Don’t get me wrong. It’s still work. I would not do this for free. But for the first time in ten years I haven’t
had to fill up my car with gas twice a week.
I can brown bag it for lunch because I don’t need to escape. I can ask questions and not be ridiculed for
not knowing the answer. We refinanced
the house, paid off the 401K loan and had extra left for a credit card
payment. That puts my wage into an area
that really is almost the same as my previous take home pay. And I can breathe.
I’m also told how cute I look in my dresses and that feels
good. So it stings when a ten year old
at the nail salon asks when my baby will be born and I have to tell her that I’m
not pregnant, I’m fat.
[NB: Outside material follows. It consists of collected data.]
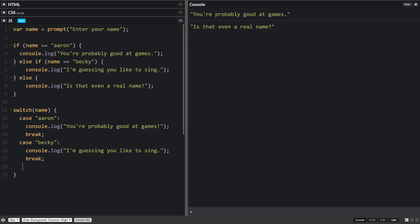And then instead of an else, we're going to be putting in default. So else is the same as default. And we don't need to put a case in because this is just going to run if these ones up here do not run.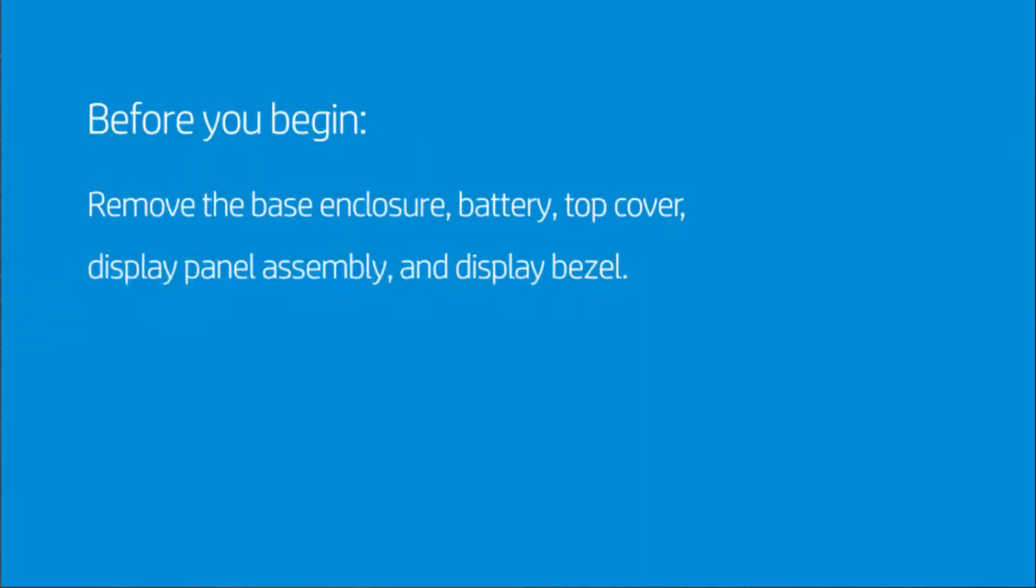Before you begin, remove the base enclosure, battery, top cover, display panel assembly, and display bezel.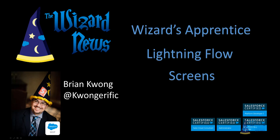My name is Brian Kwong, also known as the Salesforce Wizard, due to my choice of head apparel during Salesforce events.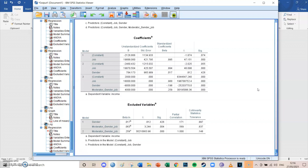Today we're going to take another look at multiple linear regression and we're going to look at moderating variables like we did last episode, and today we're going to make calculations with those. To shortly sum up last episode: I recommend watching especially episodes 17 and 18, and also episode 10 — all the regression videos — but you're not obligated to, because I'll explain the most important things in this episode as well.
But it stings a
little less. I’m forty four years old
this past May and I don’t like the weight I’m at. But I’m learning to give myself a break and
take the small steps I can. Cutting down
on alcohol, no mayo or ketchup, avoiding extraneous carbs and trying to be more
physical with my daily routine. It took
me ten years to get to this weight. It’s not going to go away overnight.
Maybe I’ll never get back to my size twelve again. But at forty four, a fourteen isn’t so
bad. At forty four, the excessive weight
isn’t healthy, but it’s only ninety pounds.
That doesn’t even qualify me for weight loss surgery.
So no, I’m not pregnant.
Yes, I am fat. But ten years of
stress doesn’t go away in two months.
And neither does ten years of weight gain. But in spite of those two facts, I feel
happier and healthier than I have in a decade.
My husband (dear delusional man) still thinks I’m beautiful. My parents are excited for the new
opportunities I’ll have. And I’m finally writing again.
No, life’s not perfect. But I’ll take it.